In class so far, our discussion of trading has been limited to a single trade between two parties. In Gambling Reputation: Repeated Bargaining With Outside Options, the authors Jihong Lee and Qingmin Liu extend our classroom discussion by considering repeated bargaining. Specifically, they address the bargaining relationship between long-run players (such as large firms) and short-term players (such as customers or employees). The short-term players are similar to the players we discussed in class; their objective is to maximize payoff from a single encounter. In contrast, the goal of the long-term players is to maximize payoff over time at the expense of occasional smaller payoffs for single encounters along the way. These players aim to accomplish their goal by establishing a reputation for the company or firm; building a long-term reputation requires the firms to sometimes take “inefficient random outside options” that result in smaller payoffs for the single encounter at hand. The outcomes of a single trade encounter are similar to what we learned in class.
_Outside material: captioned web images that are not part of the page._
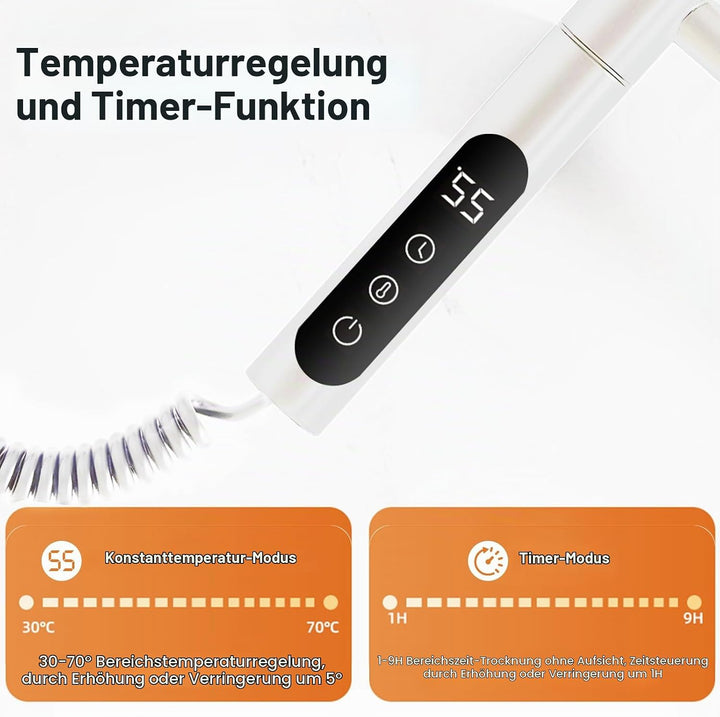 180°Drehung Bad Handtuchtrockner Elektrisch Handtuchheizkörper Elektrisch Handtuchwärmer Elektrisch
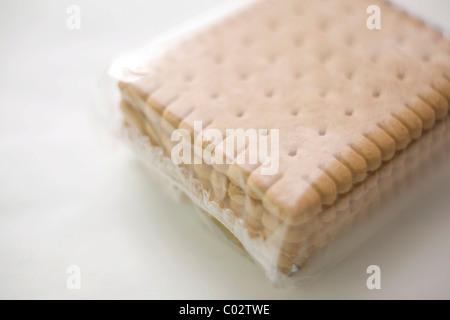 Butter cookies in plastic wrap Stock Photo
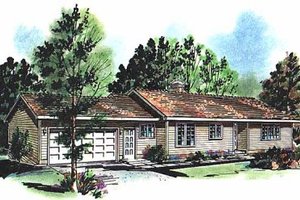 Ranch Exterior - Front Elevation Plan #18-126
If a deal is reached, a trade between the two partners is conducted. If not, “the players invoke an uncertain outside option (e.g. through a court verdict), which is inefficient due to a deadweight cost.”

The authors posit that a reputation equilibrium maintains two threshold levels of reputation: 0 < p* < p** < 1. A reputation above the p** value indicates that “the long-run player extracts the full benefits of reputation.” In other words, the long-run players have achieved their goal of establishing a high reputation and are now reaping the rewards. A reputation between the two thresholds, p* and p**, indicates that a long-run player is still trying to achieve their ideal reputation. At this point, a long-run player will reject any equilibrium demand from a short-run player. Instead, the long-run player will take the uncertain outside option which ends up having either a positive or negative influence on the player’s reputation. The strategy of long-run players in this situation is to use the randomness of these outside options to eventually reach the p** threshold and be able to maximize benefits. However, due to this randomness, it is possible for the long-run player’s reputation to drop below p*. At a reputation below p*, a long-run player only uses the outside option occasionally, reducing the “negative reputational effect of an adverse signal.”

In class, we learned about a relatively simplified version of bargaining scenarios. While this is valuable in understanding the topic, it is important to realize that in the real world, there are many factors and variations that might change how different players act. The situation with the long-run and short-run players proposed in this paper is just one of many such variations.